The Unknowable Becomes Known
In 1995 the pop singer Joan Osborne released a single in which she wondered, “What if God was one of us?” Many Christians reacted to the song with cynicism, or even decried it as blasphemy. While, based on the lyrics, both of those reactions are reasonable, it is also possible to hear these lyrics, sung to a plaintive melody, as an honest question from someone without any sense of who God might be, just a sense that God might be.
While the percentage of Americans who hold traditional Christian beliefs continues to decline, nearly 90% of Americans say they believe in God. For many of these people (including, unfortunately, many in the church – but that is a subject for another day!), God is often, to use the words of St. Anselm in his famous ontological proof of God’s existence, no more than, “that of which nothing greater can be conceived.” In other words, God exists, but is largely unknowable.
At Christmas we celebrate the Incarnation – the moment in time that the God who is, in a phrase made popular by several twentieth-century theologians described as neo-Orthodox, “Wholly Other,” took on the frailty of human existence. Eugene Peterson, in his paraphrase of John 1:14, writes, “The Word became flesh and blood, and moved into the neighborhood.” The God so many people faintly intuit has come among us. The answer to Joan Osborne’s question is simply, “In Jesus, God has become one of us.”
The challenge, however, is sharing this good news with people who are longing for God yet have, to some degree, rejected Christianity. A revealing moment in “One of Us” comes in verse two, when the singer asks, “would you want to see [God’s face] if, seeing meant / That you would have to believe in things like heaven / And in Jesus and the saints, and all the prophets?” Once something has been rejected, it is often hard, on multiple levels, to come back. On this, I’m reminded of something that the twentieth-century French mystic Simone Weil wrote concerning Jesus as “the Truth.” She writes, “If one turns aside from him to go toward the truth, one will not go far before falling into his arms.”

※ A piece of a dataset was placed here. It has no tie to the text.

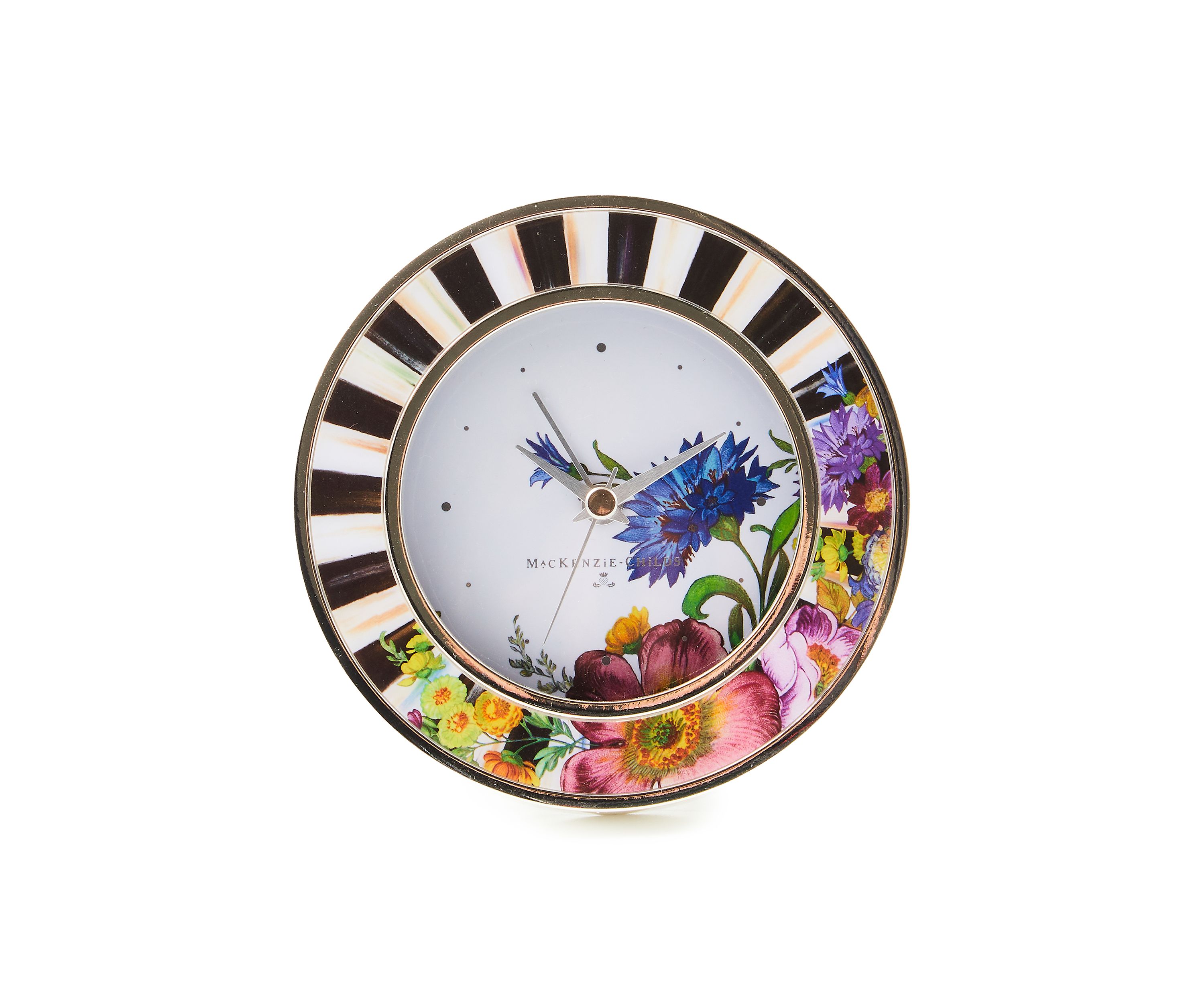 Flower Market Silver Plated Round Desk Clock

It could be that our best hope for helping our friends and neighbors come into a relationship with God is learning to accompany them on a journey toward the reality of the God that they almost certainly intuit, yet often dismiss as unknowable, and definitely not like the God in whom they think Christians believe.

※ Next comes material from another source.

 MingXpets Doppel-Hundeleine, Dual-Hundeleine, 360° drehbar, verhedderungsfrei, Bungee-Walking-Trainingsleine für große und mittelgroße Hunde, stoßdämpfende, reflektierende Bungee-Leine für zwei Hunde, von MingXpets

This Christmas, may we each rediscover the scandal of the unknowable God becoming known. Let us heed the exhortation of Charles Wesley in his great hymn: “Veiled in flesh the Godhead see, Hail the Incarnate Deity!” As we do, let us also be mindful of our friends and neighbors (and even enemies!) who have a sense God’s existence, and even a longing to know God, yet have rejected what they think of as Christianity. What would it look like to come alongside these dear divine image-bearers for whom Christ was pleased to die, accompanying them on a journey toward this God they long for, trusting that, eventually, they will fall into the arms of Jesus, as the God who became one of us?